Sermos pessimistas nesse momento só nos impede de agir como se espera de educadores, com a plena necessidade de incentivarmos nossos alunos a serem justos em seus julgamentos e a jamais desconhecerem, porque é história, que já vivemos piores momentos em nossa instituição. Alguns devem sair da caverna, ao invés de insistir em um olhar aprisionado a ela, e de dentro dela.
Além do mais a universidade não pode conviver com um clima onde as opiniões não devem ser expostas, porque se teme comportamentos agressivos e intolerantes. Isso não corresponde a um centro de conhecimento, mas a um quartel, onde se policia os comportamentos que conflitem os interesses do comando.
“O comandante sábio deve considerar a combinação de ganho e perda,
deve ter discernimento das reais vantagens em situações difíceis e confiar nos seus esforços.

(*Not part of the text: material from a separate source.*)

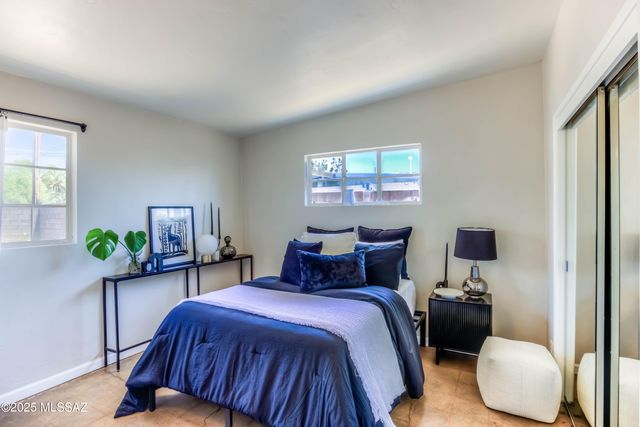 809 S Loyola Avenue, Tucson, AZ 85710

Se for capaz de perceber as vantagens prováveis, as dificuldades serão resolvidas.”
SUN TSU

8 comentários:

  1. Mais uma vez o prezado colega Prof. Romualdo expõe seus pensamentos de forma clara e alentadora. Sou testemunha de que o presente artigo retrata, muitíssimo bem, os fatos e parabenizo o prezado colega pelo mesmo.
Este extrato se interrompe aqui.